Other ways of improving how users interact with the site content include using drop-down menus appropriately, avoiding using flash, controlling pop-ups, and optimizing the text size, padding, and tap targets. While making changes to drop down menus, it is imperative to understand that Google has come up with new standards regarding their usage. Due to the limited space of mobile sites, Google has allowed sites to “hide” content behind a drop-down provided the content loads simultaneously as the page. Also, it is advisable to use Java or HTML as interactive elements because they are highly engaging.
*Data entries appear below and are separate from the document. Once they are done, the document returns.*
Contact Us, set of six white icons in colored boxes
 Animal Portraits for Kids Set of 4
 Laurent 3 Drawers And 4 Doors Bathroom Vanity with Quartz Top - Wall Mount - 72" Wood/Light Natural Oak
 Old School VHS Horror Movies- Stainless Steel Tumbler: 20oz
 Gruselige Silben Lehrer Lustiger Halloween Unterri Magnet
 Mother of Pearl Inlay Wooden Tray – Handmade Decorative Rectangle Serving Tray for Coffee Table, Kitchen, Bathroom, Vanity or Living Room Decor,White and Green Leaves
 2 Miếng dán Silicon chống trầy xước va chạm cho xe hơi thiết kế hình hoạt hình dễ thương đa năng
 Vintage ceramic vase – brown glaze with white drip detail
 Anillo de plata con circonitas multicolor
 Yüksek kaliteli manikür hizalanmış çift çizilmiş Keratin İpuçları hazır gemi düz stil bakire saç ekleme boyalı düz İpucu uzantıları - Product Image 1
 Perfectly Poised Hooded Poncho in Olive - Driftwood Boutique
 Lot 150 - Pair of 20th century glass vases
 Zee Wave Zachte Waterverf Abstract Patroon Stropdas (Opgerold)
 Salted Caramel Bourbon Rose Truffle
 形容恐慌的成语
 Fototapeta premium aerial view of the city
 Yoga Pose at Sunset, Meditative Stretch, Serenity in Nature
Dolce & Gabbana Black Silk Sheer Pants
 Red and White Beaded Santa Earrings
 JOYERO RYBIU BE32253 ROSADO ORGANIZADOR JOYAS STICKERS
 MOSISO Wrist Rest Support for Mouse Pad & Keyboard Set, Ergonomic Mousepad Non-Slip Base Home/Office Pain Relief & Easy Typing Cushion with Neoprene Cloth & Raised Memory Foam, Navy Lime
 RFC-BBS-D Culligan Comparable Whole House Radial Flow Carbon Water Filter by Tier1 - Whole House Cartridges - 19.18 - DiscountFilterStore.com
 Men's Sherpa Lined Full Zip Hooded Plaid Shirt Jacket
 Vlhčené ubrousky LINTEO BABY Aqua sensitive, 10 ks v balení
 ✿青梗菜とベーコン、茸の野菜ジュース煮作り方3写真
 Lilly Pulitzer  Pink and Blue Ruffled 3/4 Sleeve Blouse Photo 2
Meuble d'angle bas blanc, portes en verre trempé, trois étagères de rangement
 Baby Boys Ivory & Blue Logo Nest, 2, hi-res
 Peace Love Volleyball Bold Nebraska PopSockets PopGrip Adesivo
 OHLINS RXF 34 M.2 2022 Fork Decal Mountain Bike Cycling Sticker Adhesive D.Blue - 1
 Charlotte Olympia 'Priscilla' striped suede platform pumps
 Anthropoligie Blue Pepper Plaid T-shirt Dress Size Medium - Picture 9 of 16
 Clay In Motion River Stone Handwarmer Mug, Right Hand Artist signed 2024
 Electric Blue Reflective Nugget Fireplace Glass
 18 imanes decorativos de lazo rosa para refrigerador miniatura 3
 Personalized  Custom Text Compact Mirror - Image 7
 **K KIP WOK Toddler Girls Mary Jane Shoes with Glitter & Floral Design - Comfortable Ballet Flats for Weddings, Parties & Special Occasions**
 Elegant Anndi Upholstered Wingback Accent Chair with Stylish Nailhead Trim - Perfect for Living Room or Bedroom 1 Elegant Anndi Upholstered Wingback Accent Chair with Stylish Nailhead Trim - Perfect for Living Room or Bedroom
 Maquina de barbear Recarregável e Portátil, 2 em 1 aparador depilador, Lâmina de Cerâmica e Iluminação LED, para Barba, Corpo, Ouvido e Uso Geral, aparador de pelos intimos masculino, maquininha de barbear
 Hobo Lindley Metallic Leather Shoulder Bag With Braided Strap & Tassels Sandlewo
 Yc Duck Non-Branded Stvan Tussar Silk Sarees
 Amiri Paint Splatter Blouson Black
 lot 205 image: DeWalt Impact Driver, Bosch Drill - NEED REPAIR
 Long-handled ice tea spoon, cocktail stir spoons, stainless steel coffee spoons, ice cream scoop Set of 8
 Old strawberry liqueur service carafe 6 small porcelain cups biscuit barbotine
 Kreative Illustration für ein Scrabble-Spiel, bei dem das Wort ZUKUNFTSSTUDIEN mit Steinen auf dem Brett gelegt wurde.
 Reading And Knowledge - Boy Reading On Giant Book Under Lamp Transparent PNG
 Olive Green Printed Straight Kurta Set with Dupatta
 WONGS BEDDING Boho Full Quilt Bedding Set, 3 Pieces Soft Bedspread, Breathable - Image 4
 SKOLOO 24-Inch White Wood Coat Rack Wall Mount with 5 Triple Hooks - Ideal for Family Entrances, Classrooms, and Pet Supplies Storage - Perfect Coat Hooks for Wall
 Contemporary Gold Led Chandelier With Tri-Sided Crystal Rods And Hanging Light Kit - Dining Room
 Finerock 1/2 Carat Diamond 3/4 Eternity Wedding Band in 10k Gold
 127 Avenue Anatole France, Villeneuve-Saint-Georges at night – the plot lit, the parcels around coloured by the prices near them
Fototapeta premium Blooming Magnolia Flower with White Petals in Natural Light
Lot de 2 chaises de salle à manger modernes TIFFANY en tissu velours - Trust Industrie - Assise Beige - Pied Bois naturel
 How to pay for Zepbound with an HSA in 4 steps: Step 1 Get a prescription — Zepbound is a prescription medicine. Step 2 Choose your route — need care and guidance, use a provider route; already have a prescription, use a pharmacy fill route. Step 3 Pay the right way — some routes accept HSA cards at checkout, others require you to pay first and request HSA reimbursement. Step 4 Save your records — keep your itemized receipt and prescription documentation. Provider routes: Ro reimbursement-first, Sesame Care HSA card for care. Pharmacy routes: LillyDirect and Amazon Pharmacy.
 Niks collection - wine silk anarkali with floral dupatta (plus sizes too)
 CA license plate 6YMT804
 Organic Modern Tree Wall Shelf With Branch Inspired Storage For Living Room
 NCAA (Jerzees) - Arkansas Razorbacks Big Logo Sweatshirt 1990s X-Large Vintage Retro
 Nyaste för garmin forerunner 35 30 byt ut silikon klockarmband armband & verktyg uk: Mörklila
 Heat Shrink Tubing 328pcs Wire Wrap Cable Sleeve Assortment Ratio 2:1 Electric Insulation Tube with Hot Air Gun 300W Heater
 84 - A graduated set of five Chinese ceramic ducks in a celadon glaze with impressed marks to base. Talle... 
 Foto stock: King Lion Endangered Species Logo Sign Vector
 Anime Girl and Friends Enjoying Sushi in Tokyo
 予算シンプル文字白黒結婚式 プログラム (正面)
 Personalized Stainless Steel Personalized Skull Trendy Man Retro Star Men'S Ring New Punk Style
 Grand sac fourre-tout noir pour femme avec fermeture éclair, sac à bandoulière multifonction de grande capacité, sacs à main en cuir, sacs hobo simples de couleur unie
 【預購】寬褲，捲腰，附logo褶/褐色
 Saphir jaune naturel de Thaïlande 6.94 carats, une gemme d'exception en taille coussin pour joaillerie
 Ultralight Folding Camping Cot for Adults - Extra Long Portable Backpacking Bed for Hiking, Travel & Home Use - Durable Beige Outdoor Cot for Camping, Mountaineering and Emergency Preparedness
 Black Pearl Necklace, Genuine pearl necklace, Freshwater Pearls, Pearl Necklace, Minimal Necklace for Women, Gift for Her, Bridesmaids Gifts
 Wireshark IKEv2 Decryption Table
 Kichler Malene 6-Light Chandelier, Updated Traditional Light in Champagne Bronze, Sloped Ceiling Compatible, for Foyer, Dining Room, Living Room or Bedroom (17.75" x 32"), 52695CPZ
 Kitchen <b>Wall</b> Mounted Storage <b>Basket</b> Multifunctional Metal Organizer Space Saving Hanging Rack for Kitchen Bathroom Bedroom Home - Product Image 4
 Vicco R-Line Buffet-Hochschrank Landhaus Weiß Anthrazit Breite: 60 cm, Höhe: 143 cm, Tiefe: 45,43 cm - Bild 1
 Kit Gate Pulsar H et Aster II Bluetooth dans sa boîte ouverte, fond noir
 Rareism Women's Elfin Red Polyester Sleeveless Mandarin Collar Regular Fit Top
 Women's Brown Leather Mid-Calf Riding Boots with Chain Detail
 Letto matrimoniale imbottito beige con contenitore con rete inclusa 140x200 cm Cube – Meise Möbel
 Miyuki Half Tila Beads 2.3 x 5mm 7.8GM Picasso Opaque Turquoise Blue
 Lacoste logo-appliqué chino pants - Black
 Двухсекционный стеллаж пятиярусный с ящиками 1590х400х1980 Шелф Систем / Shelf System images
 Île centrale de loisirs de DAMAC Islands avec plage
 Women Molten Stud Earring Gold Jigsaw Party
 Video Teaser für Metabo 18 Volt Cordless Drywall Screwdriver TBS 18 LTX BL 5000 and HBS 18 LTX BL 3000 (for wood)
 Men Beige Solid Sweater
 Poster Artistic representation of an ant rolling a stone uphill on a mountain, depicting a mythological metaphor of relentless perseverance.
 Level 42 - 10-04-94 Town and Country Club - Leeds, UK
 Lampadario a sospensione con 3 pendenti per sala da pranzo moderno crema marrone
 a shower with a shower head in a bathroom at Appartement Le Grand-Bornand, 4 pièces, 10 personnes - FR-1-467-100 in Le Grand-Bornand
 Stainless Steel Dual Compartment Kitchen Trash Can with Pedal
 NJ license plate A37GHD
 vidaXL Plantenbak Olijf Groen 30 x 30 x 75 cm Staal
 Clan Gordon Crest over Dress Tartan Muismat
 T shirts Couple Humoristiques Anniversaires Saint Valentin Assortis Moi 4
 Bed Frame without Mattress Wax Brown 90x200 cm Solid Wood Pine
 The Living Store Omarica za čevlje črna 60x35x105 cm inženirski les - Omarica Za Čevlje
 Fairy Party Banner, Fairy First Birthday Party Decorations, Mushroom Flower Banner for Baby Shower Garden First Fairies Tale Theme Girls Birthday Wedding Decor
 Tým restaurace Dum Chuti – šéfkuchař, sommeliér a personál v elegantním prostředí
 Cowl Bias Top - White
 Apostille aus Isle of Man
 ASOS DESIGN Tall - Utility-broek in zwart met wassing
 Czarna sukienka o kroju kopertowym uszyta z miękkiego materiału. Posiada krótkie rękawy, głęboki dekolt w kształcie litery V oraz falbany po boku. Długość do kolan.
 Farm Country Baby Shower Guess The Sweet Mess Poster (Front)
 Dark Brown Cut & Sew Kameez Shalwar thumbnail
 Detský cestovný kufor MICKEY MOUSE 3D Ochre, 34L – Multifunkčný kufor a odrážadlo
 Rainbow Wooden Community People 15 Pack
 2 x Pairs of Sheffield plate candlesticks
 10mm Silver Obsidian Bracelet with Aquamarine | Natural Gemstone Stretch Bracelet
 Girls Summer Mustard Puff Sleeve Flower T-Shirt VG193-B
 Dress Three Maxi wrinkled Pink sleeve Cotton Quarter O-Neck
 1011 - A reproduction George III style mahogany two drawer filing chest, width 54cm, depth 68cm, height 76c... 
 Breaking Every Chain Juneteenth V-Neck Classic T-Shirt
Pop-ups should be controlled and limited to their perfect place and time. Given that Badu Company Limited relies heavily on its website to generate leads, pop-ups are a vital tool of getting users to sign up for programs. However, they can be annoying and liability when they prevent the user from accessing their destination. Therefore, careful considerations should be made like at what point in the user’s journey does a pop-up show and what the user is most likely to be doing at that time. Besides pop-ups, tapping the wrong button when the user is trying to navigate to a specific destination is equally annoying. Thus, the site should be finger-friendly by resizing the tap targets accordingly and providing sufficient padding between clickable targets.
Overall, the shift to a mobile-first index is inevitable. The shift is driven by Google’s objective of improving the mobile web. Even though some organizations might argue that their sites are well-prepared for the paradigm shift, the reality is that the majority are ill-equipped. Most of the websites are designed for desktop users and then modified for mobile users. For any company to benefit from high site performance, this attitude has to change. As studies have shown, more users access sites using mobile devices than desktops. This trend is projected to intensify in the future. For this reason, it is only sensible that companies prioritize the users experience on mobile devices because it is more and more likely they will access the website from a mobile device than from a desktop.
In order to align the attitude with the shift to mobile-first index, a thorough audit of the user experience on a mobile device is critical. While carrying out the audit, the ease of finding the information searched by users should be established. Also, the auditors should analyze the overall state of navigation of the site, the check-out process, the ease of closing pop-ups, the font used, and the contact details of the company. The results of the analysis will reinforce the efforts of improving the user experience. All that, together with the implementation of the measures discussed above, are sure to guarantee a perfect realization of a site with a high performance and great user experience.
- Hirst, Gavin. “Is PWAMP the Future of Our Mobile-first World?” Digital Hothouse. Last modified September 26, 2017.
- LePage, Pete. “Your First Progressive Web App | Web Fundamentals.” Google Developers. Last modified July 2, 2018.
- Perez, Sarah. “Google Begins to Roll out Mobile-first Indexing.” TechCrunch. Last modified March 26, 2018.
- Wagner, Jeremy. “Why Performance Matters | Web Fundamentals.” Google Developers. Last modified July 20, 2018.